The next ghost, Christmas Past, recognizes that Karroll is not Rosecog but persuades him to go on the journey anyway. They travel back in time, where it's shown that Rosecog was an idealistic family man until he became too obsessed with his job. This results in his estrangement from his daughter after he is unable to come to the hospital to visit his dying wife in time. They then see a now jaded Rosecog announce that he is selling the company, as he has lost both of the people he loved most in the world. The two also travel to Karroll's past, where they see him publicly propose to his then girlfriend Lisa while wearing a caribou costume. She rejects him and also informs him that she was cheating on him. The final ghost, Christmas Future, is also aware that Karroll is the wrong person but is equally willing to continue on with the façade. The two watch as Rosecog dies alone in a hospital room while all of his belongings are sold or thrown away. The man dies alone, mistakenly believing that his daughter wanted nothing to do with him, when in reality she was unable to come to his side in time. Karroll also learns that he has lost his job and that Carrie had broken up with him.

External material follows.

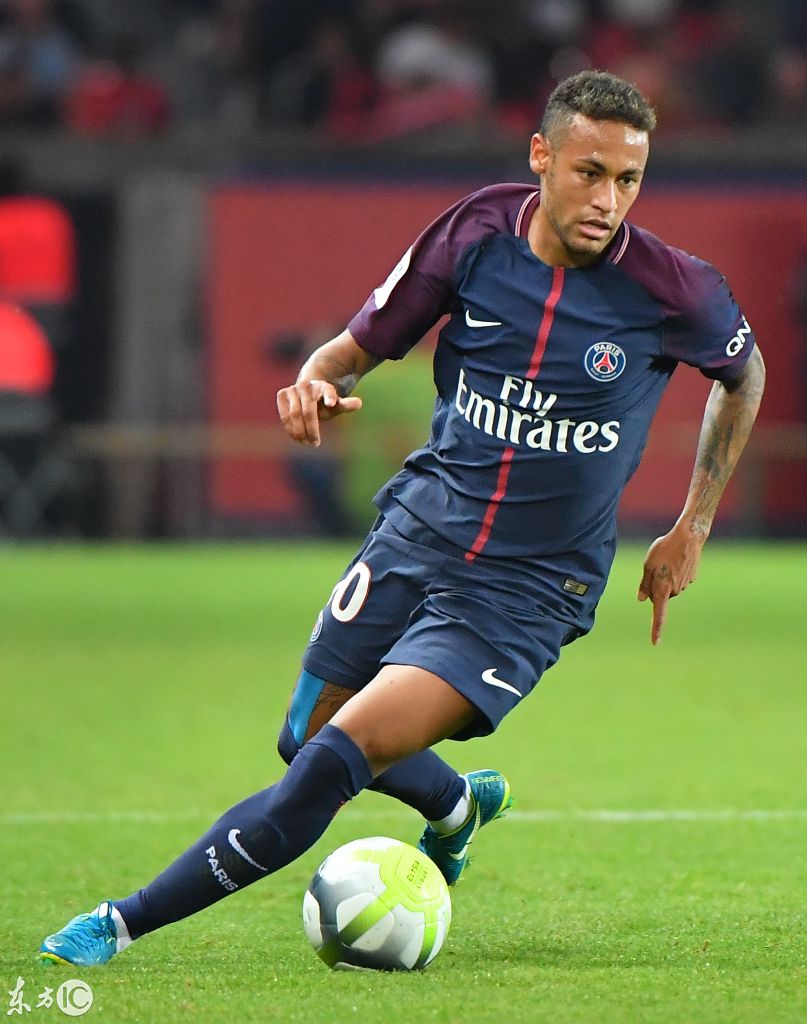 球队在最难的时候没有崩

Karroll wakes with new purpose on Christmas Day and decides to win over Rosecog. He unsuccessfully tries to use the remote to accomplish this, breaking it in the process. He instead manages to break through to Rosecog by humming the Christmas song that was playing near his wife's deathbed. The two men reconcile and are able to bring Rosecog and his daughter back together. Rosecog also drops the lawsuit and Karroll testifies to the child's innocence. With the help of the three ghosts, Karroll is able to steal a reindeer suit and sneak into his girlfriend's concert and propose. She agrees, in turn confessing that she was going to propose to him. Karroll is also able to save his job by using a popup card design that Rosecog had created.

==Characters==
- Tom Everett Scott as Allen Karroll
- Wallace Shawn as Zeb Rosecog
- Larry Miller as Barry Freedman (Ghost of Christmas Past)
- Alanna Ubach as Jodie McDougall (Ghost of Christmas Present)
- Verne Troyer as Spike Goldstein (Ghost of Christmas Future)
- Deanna Milligan as Carrie Ford
- Richard Kline as Bradley Carchet

== Production ==
Filming for Karroll's Christmas took place in Calgary during the fall of 2004.

== Reception ==
Critical reception was mixed. Walt Belcher of The Tampa Tribune panned the film, writing that "the laughs are thinner than an eggnog without eggs." Reviewers for The Courier-News and the New York Post were more favorable.